• Requirement:
Without any images, output the records below verbatim.

::: Given records

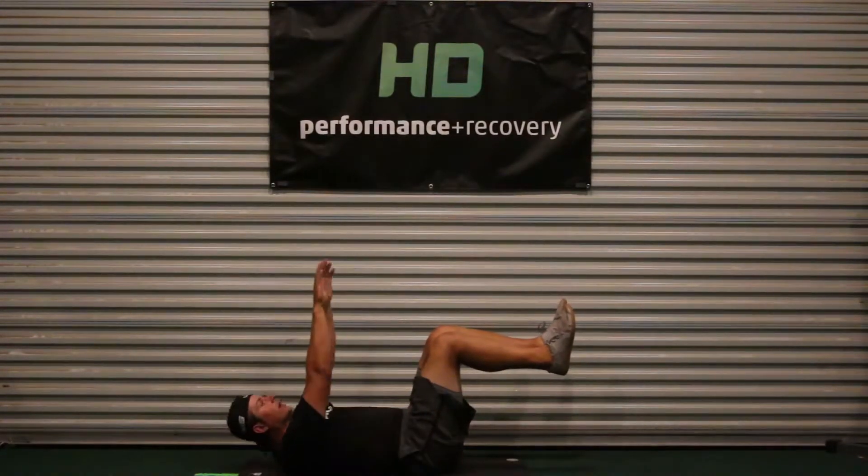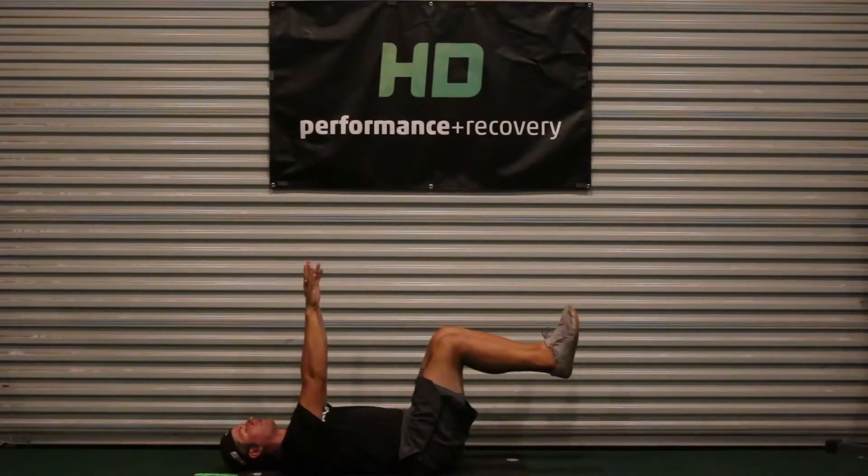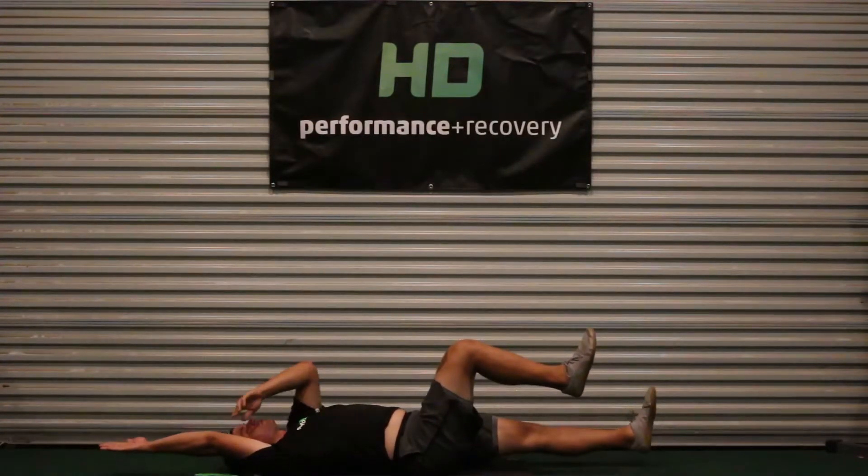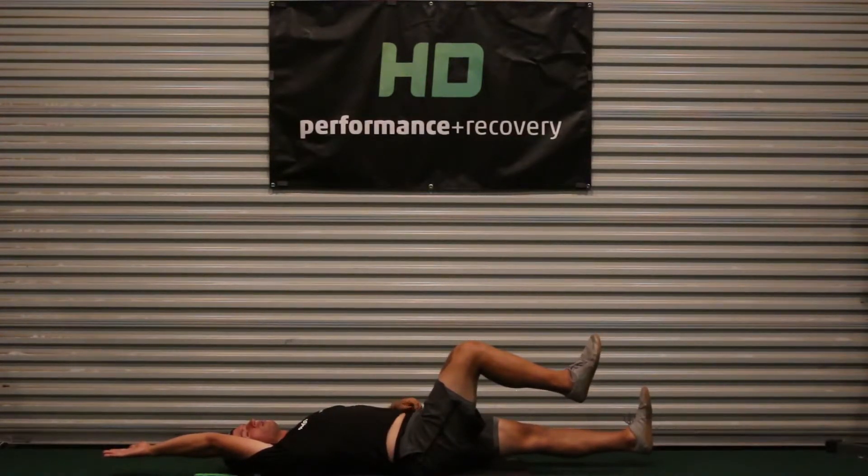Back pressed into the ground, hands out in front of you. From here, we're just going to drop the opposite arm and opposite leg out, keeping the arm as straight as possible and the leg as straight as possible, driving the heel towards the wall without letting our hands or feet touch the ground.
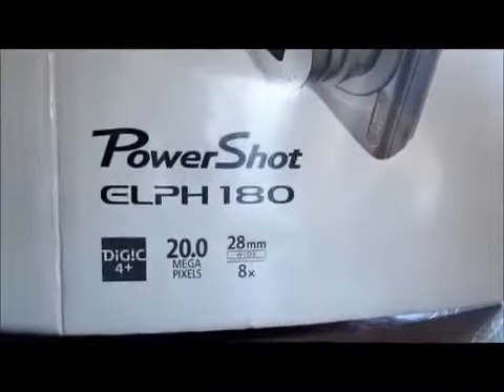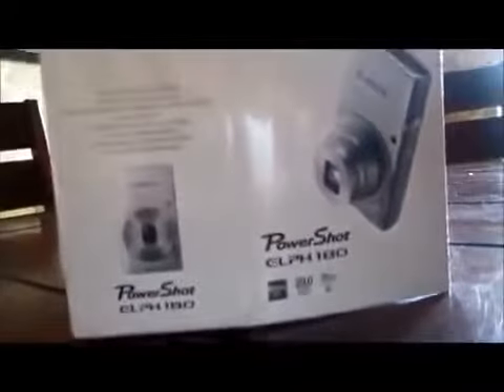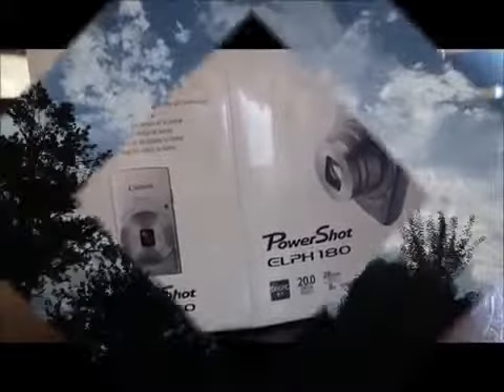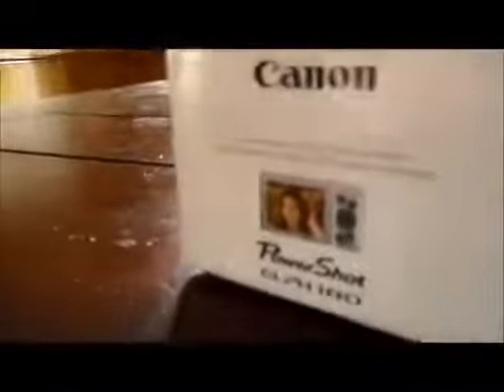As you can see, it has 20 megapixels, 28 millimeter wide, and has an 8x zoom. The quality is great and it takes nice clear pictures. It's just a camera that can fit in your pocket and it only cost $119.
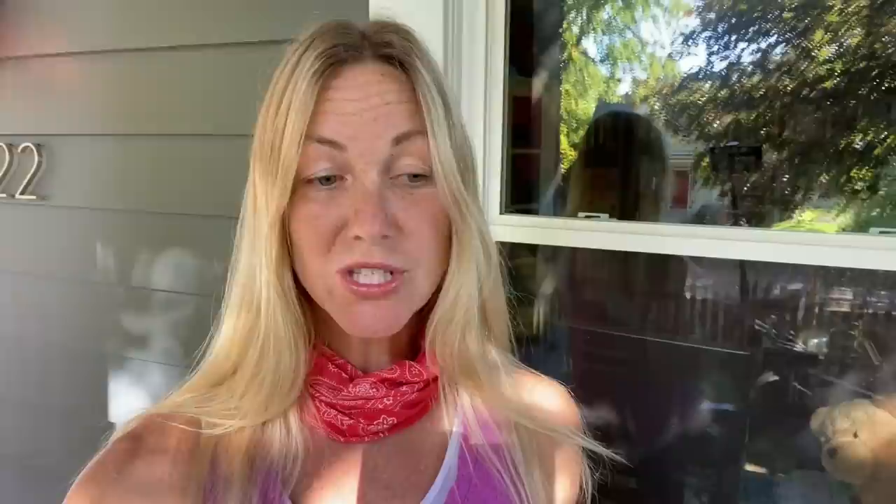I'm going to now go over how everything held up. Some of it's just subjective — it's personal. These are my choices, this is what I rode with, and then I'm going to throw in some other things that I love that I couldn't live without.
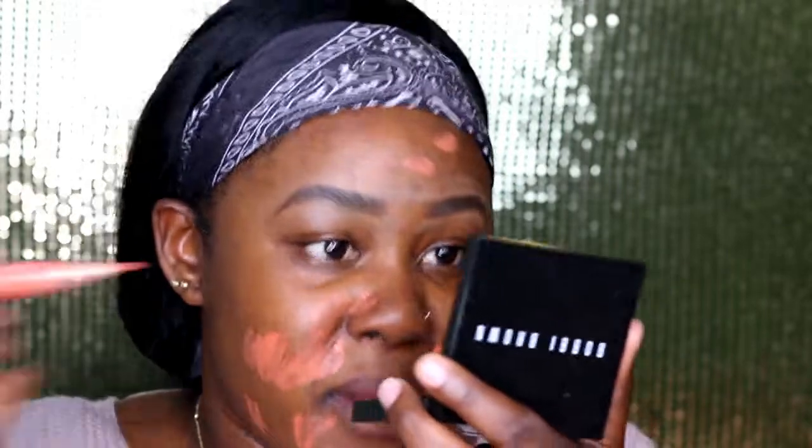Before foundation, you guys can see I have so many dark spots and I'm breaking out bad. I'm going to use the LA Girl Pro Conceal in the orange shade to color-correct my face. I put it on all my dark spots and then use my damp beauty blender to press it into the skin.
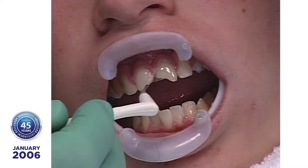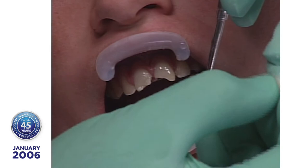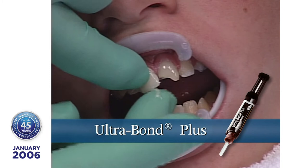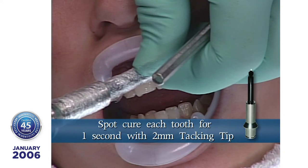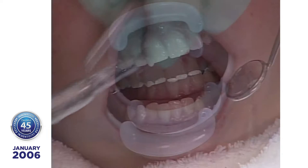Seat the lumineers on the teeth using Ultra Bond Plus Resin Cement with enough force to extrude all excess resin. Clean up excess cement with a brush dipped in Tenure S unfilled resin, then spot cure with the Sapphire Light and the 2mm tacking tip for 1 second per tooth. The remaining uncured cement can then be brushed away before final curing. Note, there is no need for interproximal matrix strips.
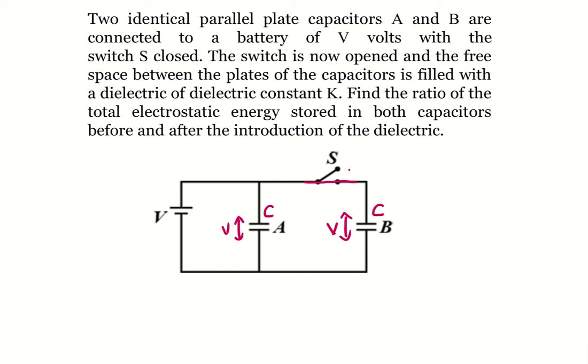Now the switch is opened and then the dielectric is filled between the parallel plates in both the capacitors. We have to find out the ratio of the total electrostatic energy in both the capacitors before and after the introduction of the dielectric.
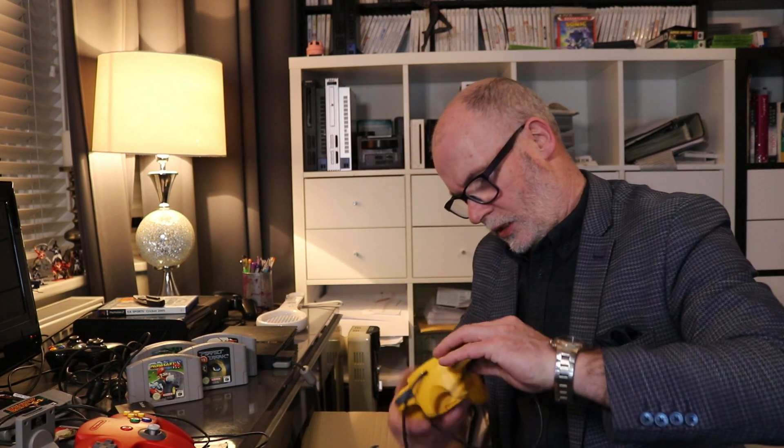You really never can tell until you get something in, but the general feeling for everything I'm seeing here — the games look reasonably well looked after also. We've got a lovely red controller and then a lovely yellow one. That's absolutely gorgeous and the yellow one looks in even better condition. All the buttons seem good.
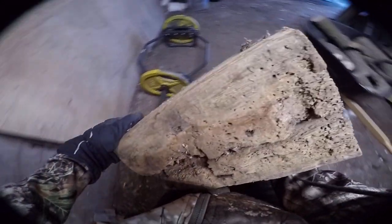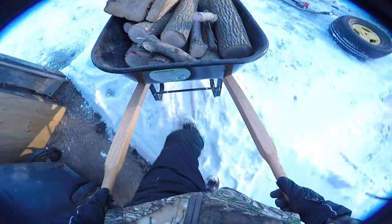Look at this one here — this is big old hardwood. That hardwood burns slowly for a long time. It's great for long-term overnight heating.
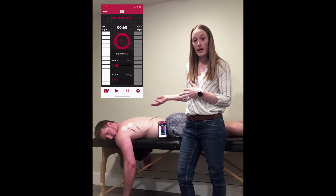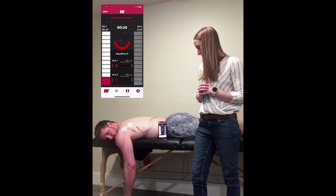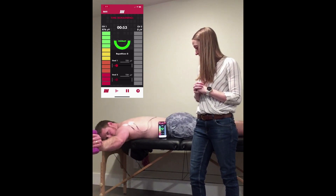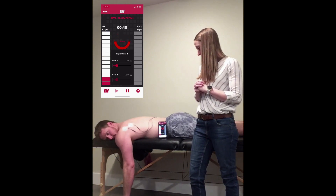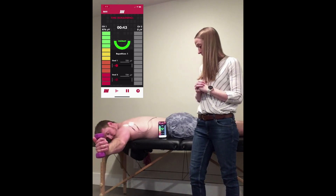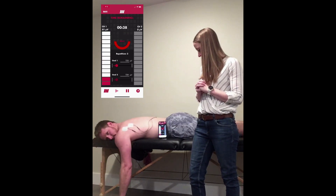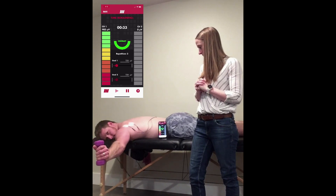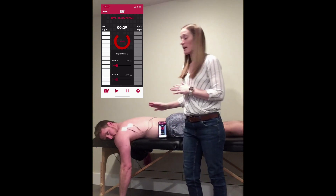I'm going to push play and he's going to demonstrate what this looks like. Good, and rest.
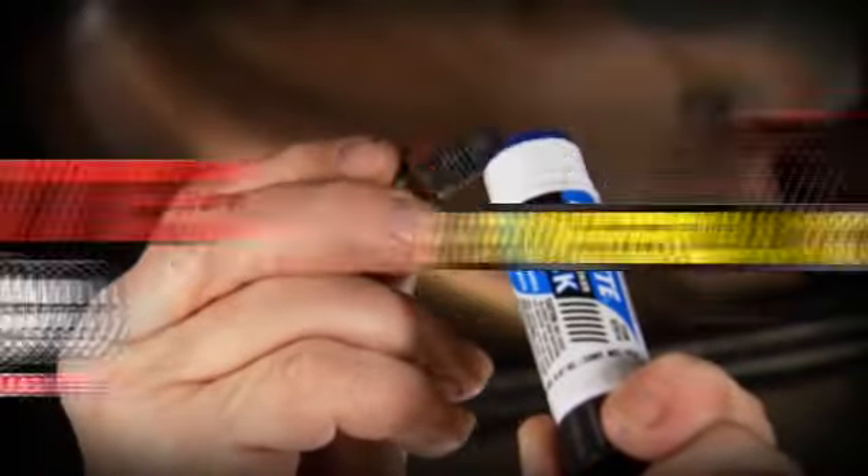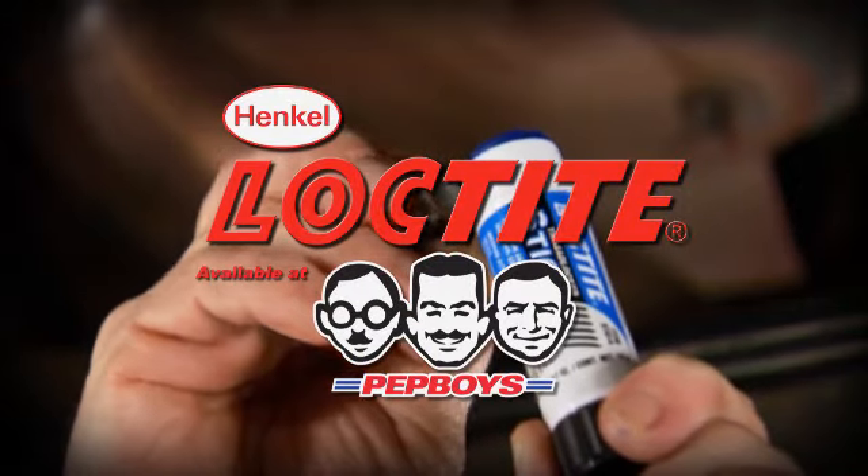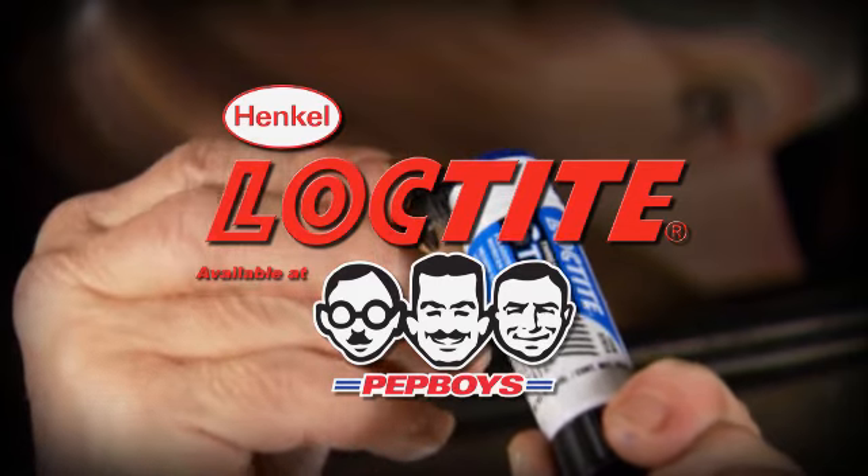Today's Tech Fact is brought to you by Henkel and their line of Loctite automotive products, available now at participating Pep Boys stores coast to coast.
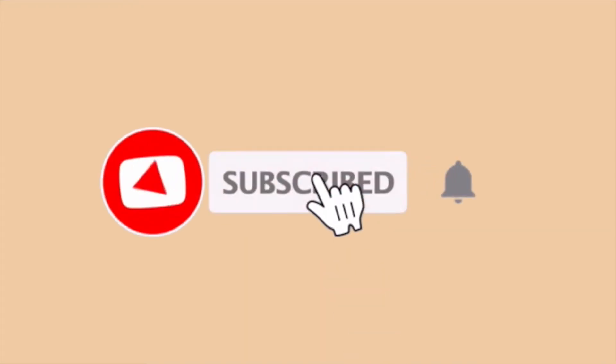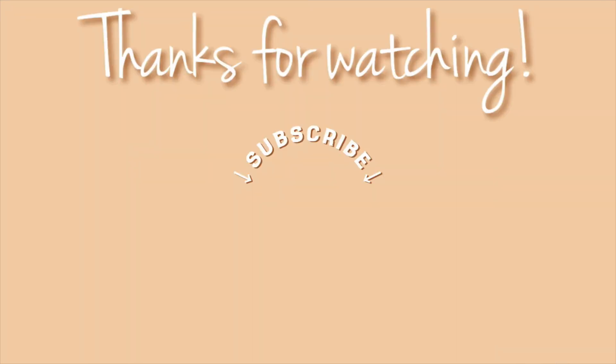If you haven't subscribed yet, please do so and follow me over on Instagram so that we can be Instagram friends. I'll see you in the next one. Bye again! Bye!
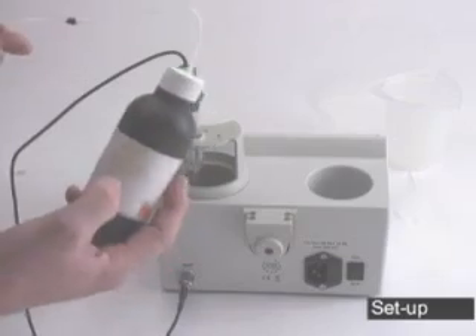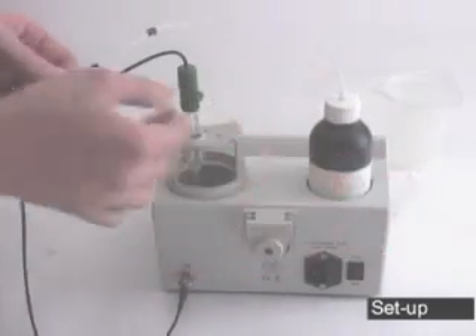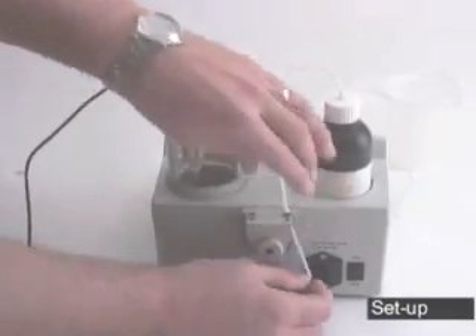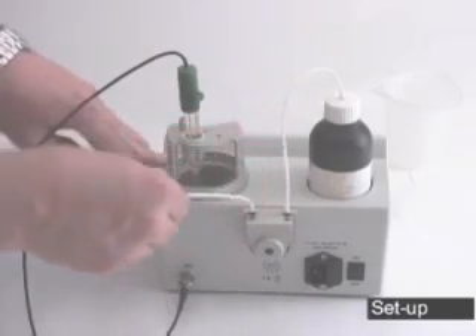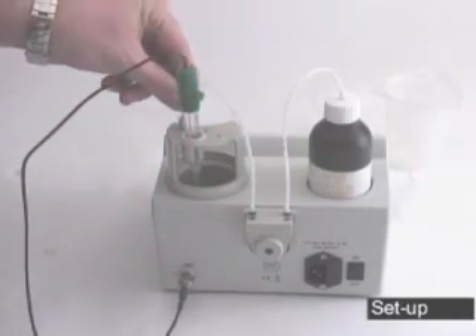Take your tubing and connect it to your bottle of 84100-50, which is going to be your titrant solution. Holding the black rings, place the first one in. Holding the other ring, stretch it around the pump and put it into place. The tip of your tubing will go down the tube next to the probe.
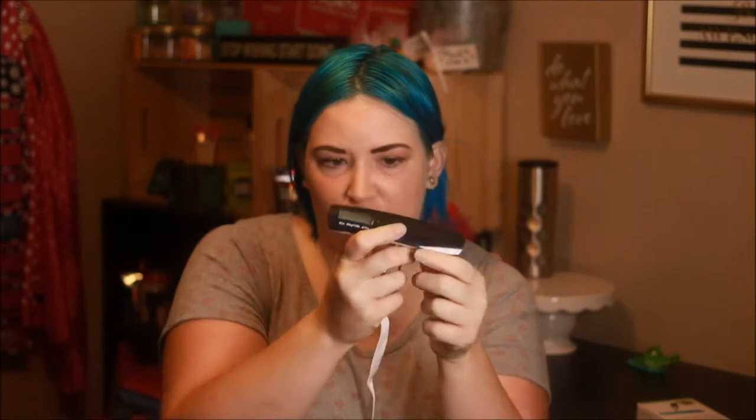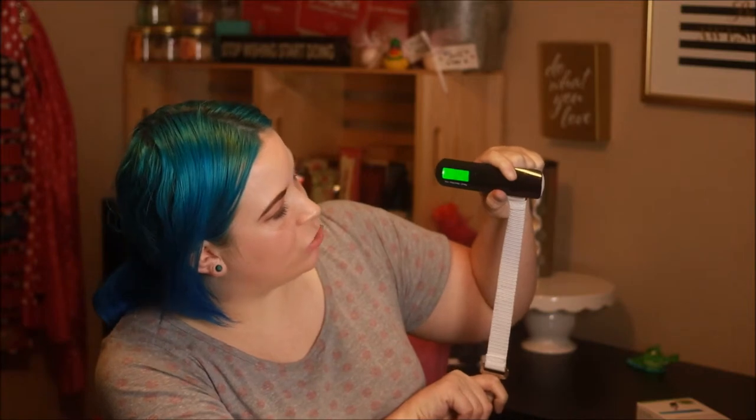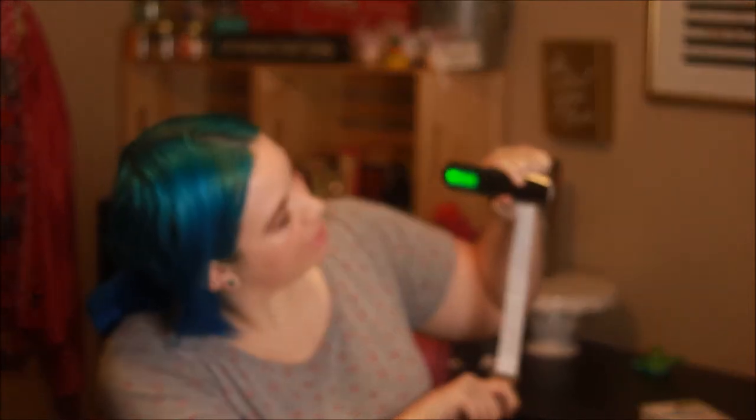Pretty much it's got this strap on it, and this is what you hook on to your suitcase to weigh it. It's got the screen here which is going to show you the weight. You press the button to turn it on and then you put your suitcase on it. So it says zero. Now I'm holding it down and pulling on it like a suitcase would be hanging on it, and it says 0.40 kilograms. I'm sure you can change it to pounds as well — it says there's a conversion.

::::::

• Answer section:
Back pressed into the ground, hands out in front of you. From here, we're just going to drop the opposite arm and opposite leg out, keeping the arm as straight as possible and the leg as straight as possible, driving the heel towards the wall without letting our hands or feet touch the ground.
As you can see, it has 20 megapixels, 28 millimeter wide, and has an 8x zoom. The quality is great and it takes nice clear pictures. It's just a camera that can fit in your pocket and it only cost $119.
I'm going to now go over how everything held up. Some of it's just subjective — it's personal. These are my choices, this is what I rode with, and then I'm going to throw in some other things that I love that I couldn't live without.
Before foundation, you guys can see I have so many dark spots and I'm breaking out bad. I'm going to use the LA Girl Pro Conceal in the orange shade to color-correct my face. I put it on all my dark spots and then use my damp beauty blender to press it into the skin.
Seat the lumineers on the teeth using Ultra Bond Plus Resin Cement with enough force to extrude all excess resin. Clean up excess cement with a brush dipped in Tenure S unfilled resin, then spot cure with the Sapphire Light and the 2mm tacking tip for 1 second per tooth. The remaining uncured cement can then be brushed away before final curing. Note, there is no need for interproximal matrix strips.
Now the switch is opened and then the dielectric is filled between the parallel plates in both the capacitors. We have to find out the ratio of the total electrostatic energy in both the capacitors before and after the introduction of the dielectric.
You really never can tell until you get something in, but the general feeling for everything I'm seeing here — the games look reasonably well looked after also. We've got a lovely red controller and then a lovely yellow one. That's absolutely gorgeous and the yellow one looks in even better condition. All the buttons seem good.
Look at this one here — this is big old hardwood. That hardwood burns slowly for a long time. It's great for long-term overnight heating.
I'm going to push play and he's going to demonstrate what this looks like. Good, and rest.
Today's Tech Fact is brought to you by Henkel and their line of Loctite automotive products, available now at participating Pep Boys stores coast to coast.
If you haven't subscribed yet, please do so and follow me over on Instagram so that we can be Instagram friends. I'll see you in the next one. Bye again! Bye!
Take your tubing and connect it to your bottle of 84100-50, which is going to be your titrant solution. Holding the black rings, place the first one in. Holding the other ring, stretch it around the pump and put it into place. The tip of your tubing will go down the tube next to the probe.
Pretty much it's got this strap on it, and this is what you hook on to your suitcase to weigh it. It's got the screen here which is going to show you the weight. You press the button to turn it on and then you put your suitcase on it. So it says zero. Now I'm holding it down and pulling on it like a suitcase would be hanging on it, and it says 0.40 kilograms. I'm sure you can change it to pounds as well — it says there's a conversion.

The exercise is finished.